On 17 December 2012, a Cessna 182A aircraft registered VH-SGB, impacted with electrical powerlines that ran alongside a parachute drop zone at Burrum River, Queensland. The pilot was planning to attend a Christmas function at the drop zone and was flying to an airstrip located about 1.5 km to the north. After contacting the powerlines, the aircraft was seen to climb and continue to fly for approximately 500 m before the right wing separated from the aircraft. The aircraft subsequently impacted the ground and the pilot was fatally injured.
What the ATSB found
The powerlines that the aircraft impacted were at a height of approximately 9 m (30 ft) above ground level (AGL) and ran perpendicular to the aircraft’s flight path. The relevant cable marking standards did not require the powerlines to be marked. Weather conditions were fine, and there was no emergency broadcast from the pilot prior to the impact with the powerlines. No pre-existing defects with the aircraft could be identified.
No operational reason for the pilot to fly at a height below 500 ft AGL could be identified by the investigation.

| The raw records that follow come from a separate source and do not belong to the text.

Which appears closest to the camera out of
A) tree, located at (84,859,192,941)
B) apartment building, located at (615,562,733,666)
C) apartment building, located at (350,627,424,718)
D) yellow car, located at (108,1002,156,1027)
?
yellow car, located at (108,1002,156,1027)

A minimum height of 500 ft AGL for flight over non-populated areas is promulgated for very long standing safety reasons. Pilots who choose to fly below this height without an operational reason to do so are exposing themselves, and any passengers that may be on board, to an increased risk of striking powerlines, many of which are difficult to see from the cockpit of an aircraft in flight. The circumstances of this accident highlight that risk.